Spline Mesh deforming single mesh

Hi guys,

I need some advice on how mesh spline can be used to deform the mesh. I know there are a lot of tutorials on the subject, but none of them quite tackle what I want to achieve. Most of the tutorials explain how to replicate meshes along spline, but what I need is - use spline to deform a single solid mesh. If you’ve ever used 3dmax, it would be like using PathDeform modifier. Here’s an image from max showing this in action:

So how to make this work in Unreal? I’ve followed this tutorial - https://www.youtube.com/watch?v=bgANV-VTJrw, which sort of does this, but the problem is that adding more points has very little influence on mesh deformation.
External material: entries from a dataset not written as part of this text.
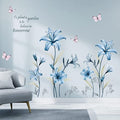 wondever Blue Lily Flower Wall Stickers Floral Butterfly Peel and Stick Wall Art Decals for Living Room Bedroom TV Wall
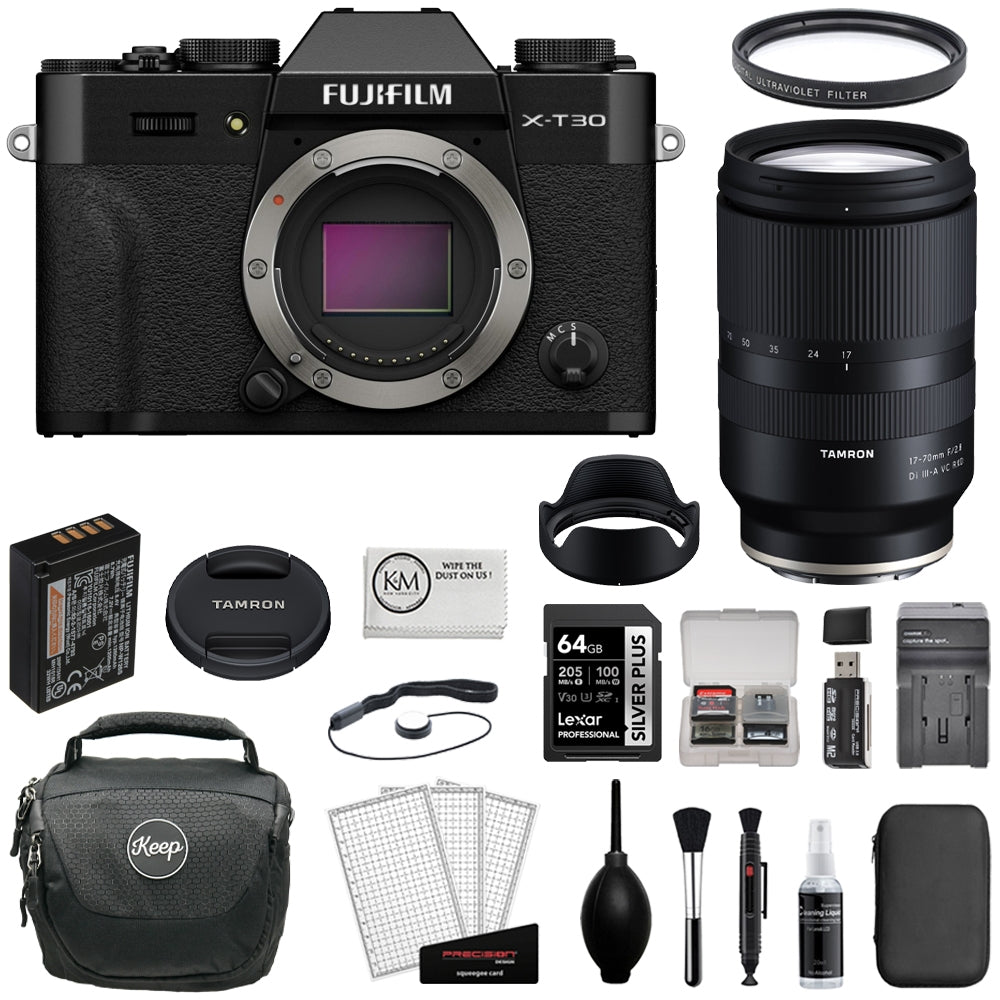 FUJIFILM X-T30 III Mirrorless Digital Camera (Black) Bundle with Tamron 17-70mm f/2.8 Di III-A VC RXD Lens + 64GB Card + Card Reader + UV Filter + Charger + Camera Bag + Cleaning Kit (12 Items)
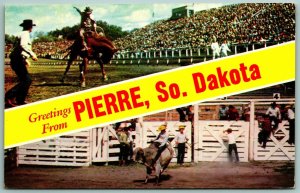 Dual View Banner Greetings Rodeo Pierre South Dakota SD UNP Chrome Postcard J13
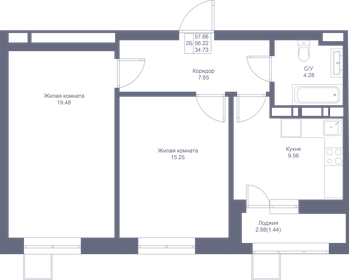 57,7 м², 2-комнатная квартира 11 645 300 ₽ - изображение 67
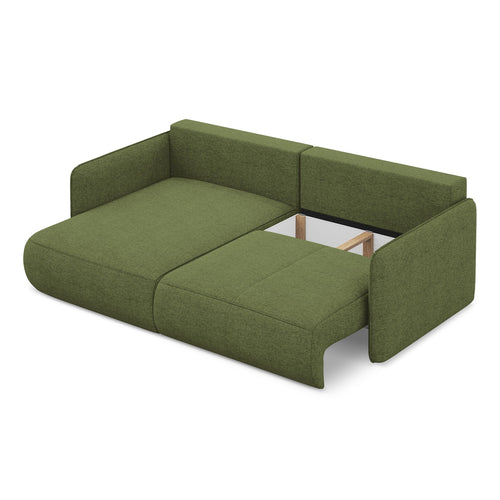 LaMiaSofa hoekbank links Palermo - chenille stof - flessengroen - 207x148x86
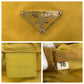 PRADA Pouch Nylon Yellow SilverMetal Pouch Drawstring pouch Test Triangle With logo Women Used Authentic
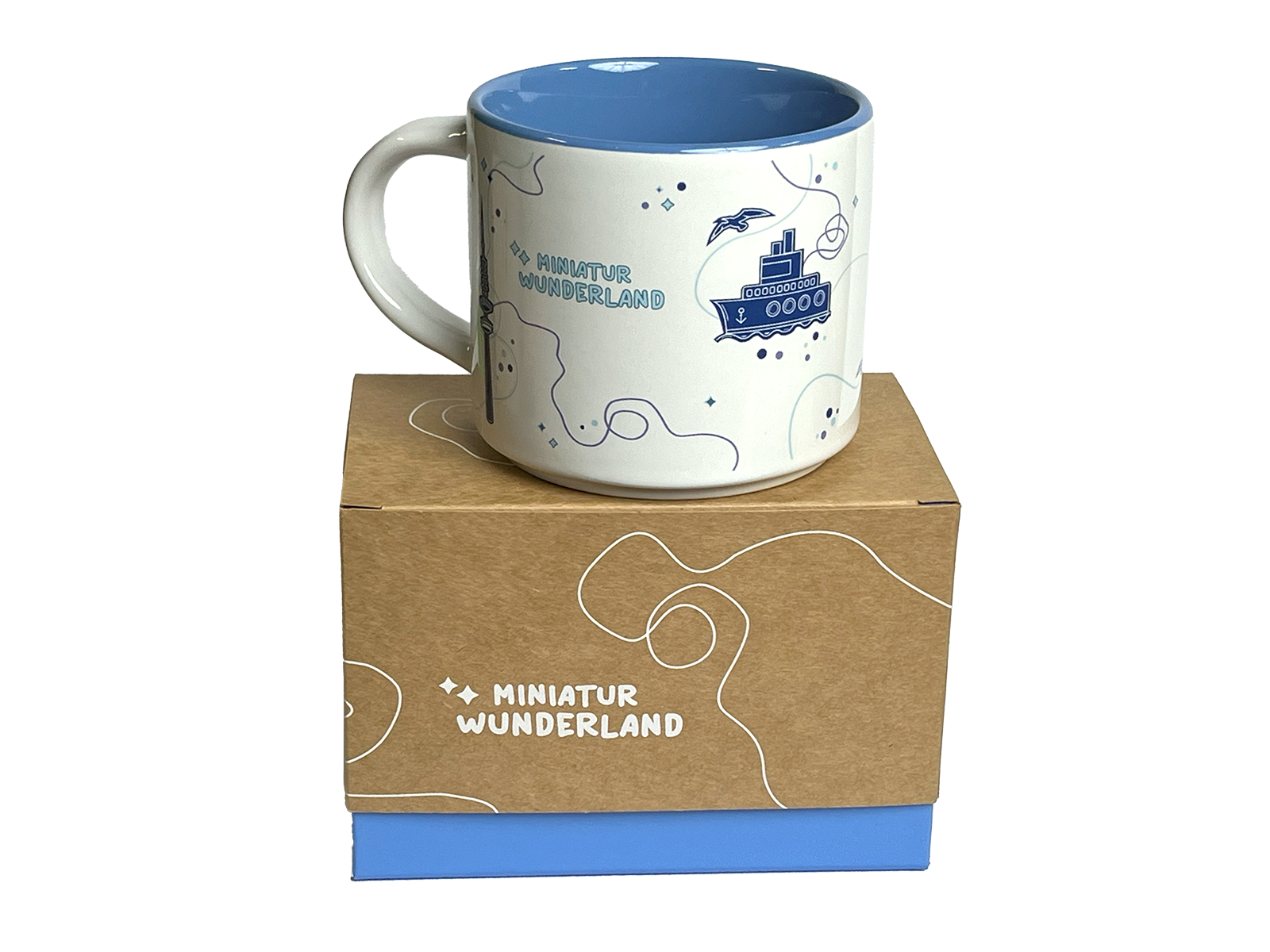 Becher  - Wunderland als Skizze, blau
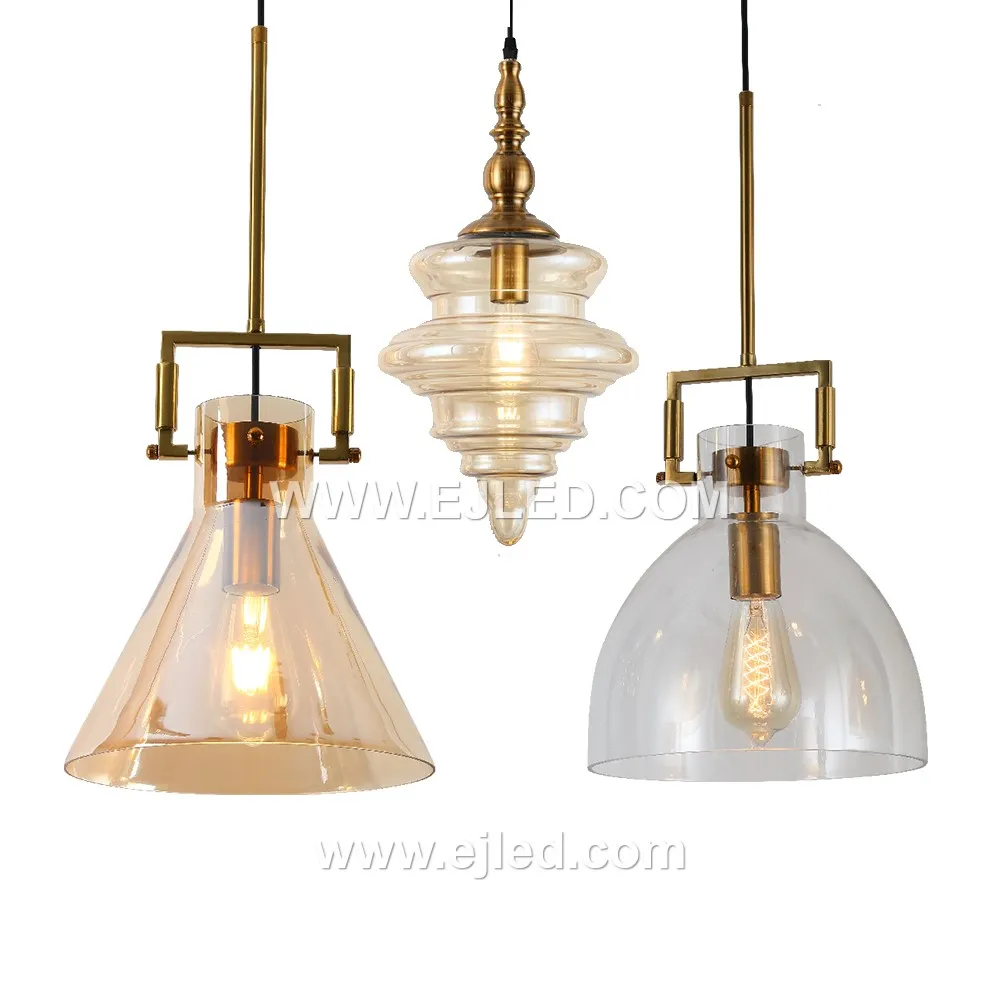 Vintage Edison Hanging Pendant Light Mini Semi Flush Mount Light Fixture Funnel Flared Clear Glass Shade for Bathroom GL0055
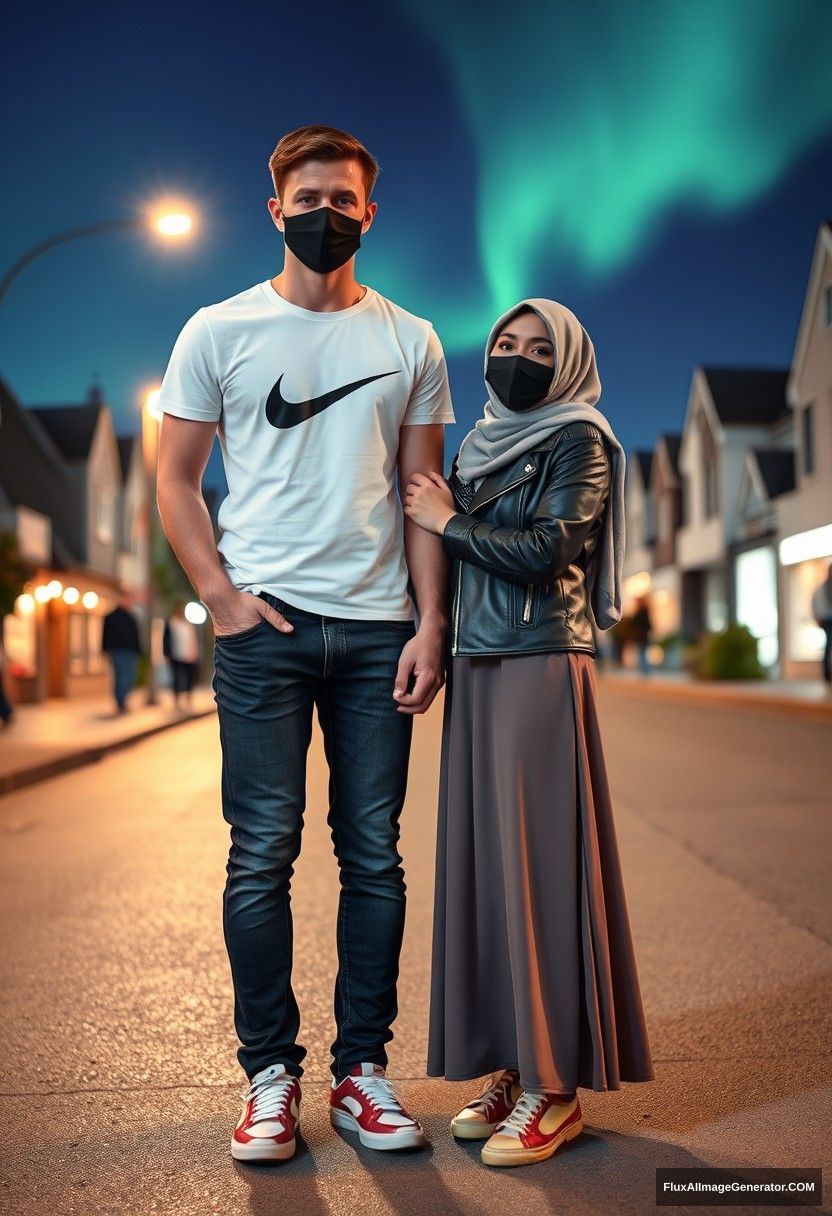 Jamie Dornan, tall, handsome, wearing a black face mask, a white Nike T-shirt, jeans, and sneakers, is dating a beautiful Muslim girl in a grey hijab. She has beautiful eyes, a black face mask, a leather jacket, and is wearing the longest and biggest skirt. She is not tall and is wearing red sneakers. They hold hands and stand together in town, captured in photorealistic street photography, full photographs, and selfies set against a night scenery with an aurora.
If you look at my screenshot, you can see that mesh sticks precisely to the spline, but in unreal it seems that tangent influence of any point other than endpoints it pretty weak.

Please, if you have any ideas how to do this, would be great to hear them.

Thanks!

Looks like what you want is to actually deform one mesh using more than one spline. I don’t think there is an easy way to do that at the moment, mesh splines are assumed to exist on sequential spline points and be bounded by them.
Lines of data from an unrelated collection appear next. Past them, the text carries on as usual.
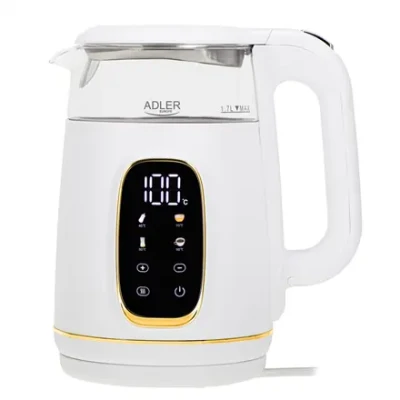 Adler Kettle with LED Display  |  AD 1305  |  Electric  |  2200 W  |  1.7 L  |  Plastic  |  360° rotational base  |  White / Gold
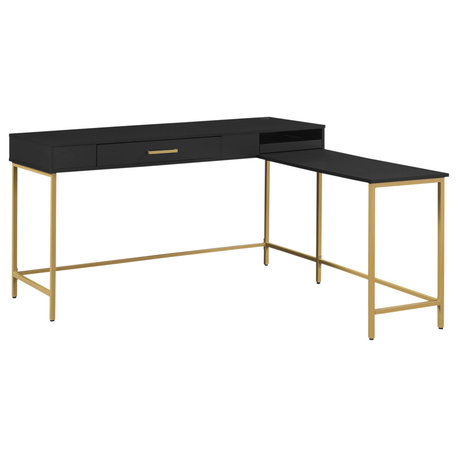 Modern Life L-Desk With Charger and Drawer, Black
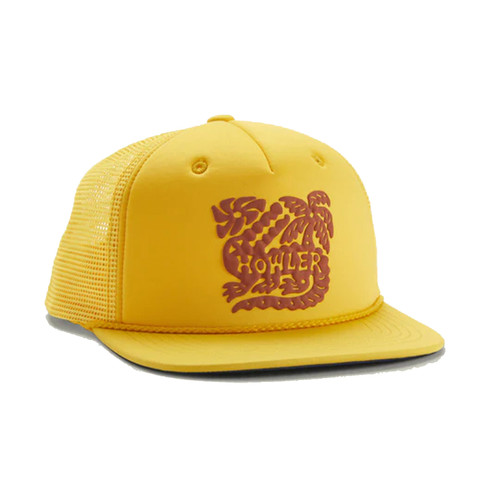Howler Brothers Structured Snapback Hats Gator Palm Gold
You can do it using vertex shaders but it will require some pre-setup work. If you are interested in that I can help. The first thing you need us a planar UV channel looking “down the barrel” so to speak to establish a local spline coordinate basis. The cost of such a shader will rise with each point you add since in effect it will have to calculate several splines for each vertex even though only one final segment will be used for each vertex.
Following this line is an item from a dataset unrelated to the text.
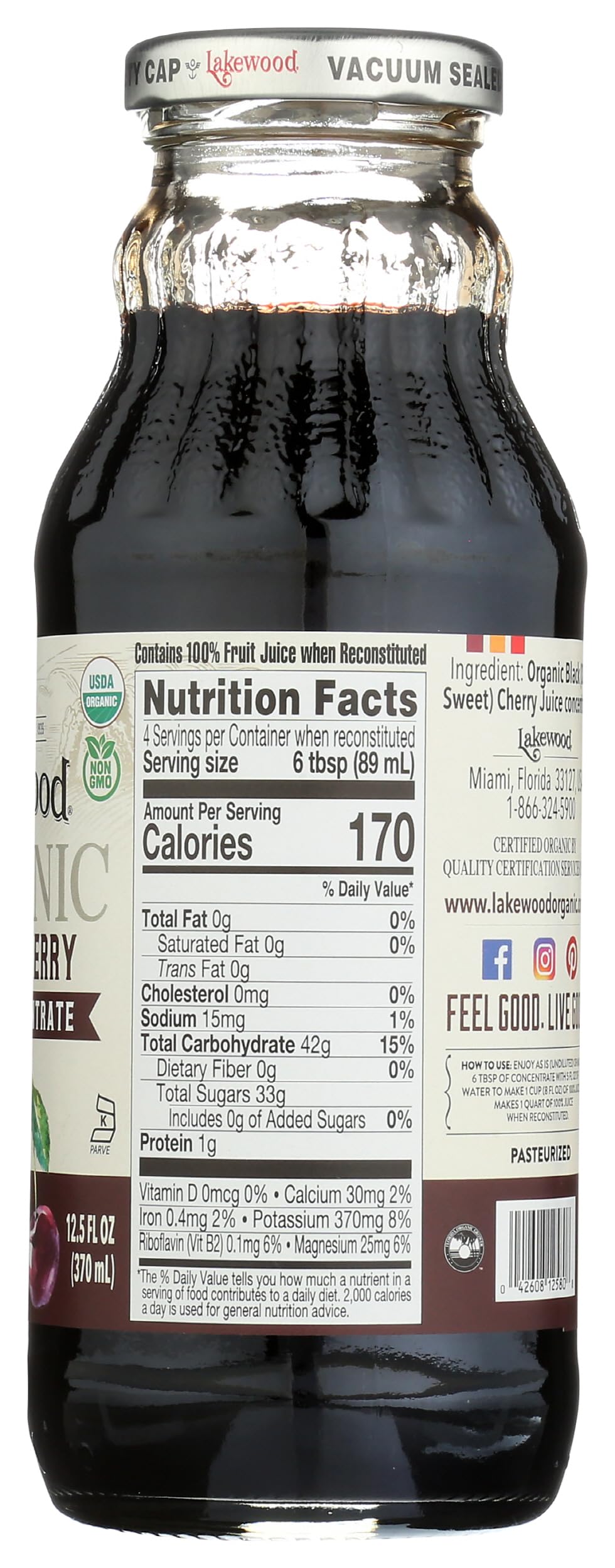 LAKEWOOD Organic Cherry Concentrate, Black, 12.5 FZ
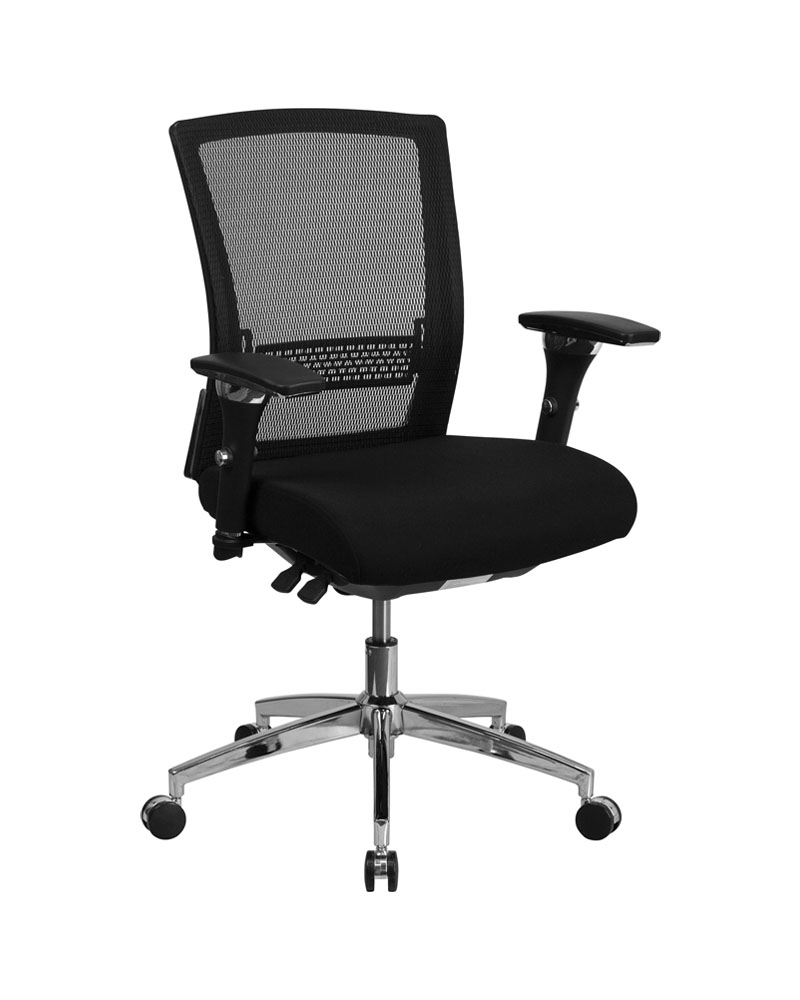 HERCULES Series 24/7 Intensive Use 300 lb. Rated Black, Mesh Multifunction Ergonomic Office Chair with Seat Slider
(I am asking Golding for sure since he is probably the only person who can say this is impossible with certainty).

Thanks for your answer, .

It’s unfortunate that this cannot be achieved with ease at the moment. The setup with uvs sounds like an interesting option, but probably not too practical for what I need, plus you mentioned the cost of it.

As of now, even manipulating two endpoint tangents can actually be utilized to a degree (though a bit limiting). But maybe you guys should consider implementing something like that in the future, as there are tons of uses for this kind of functionality (custom pipes, wire bundles, maybe even roads/curbs).

Anyhow, thanks again for clarifying this.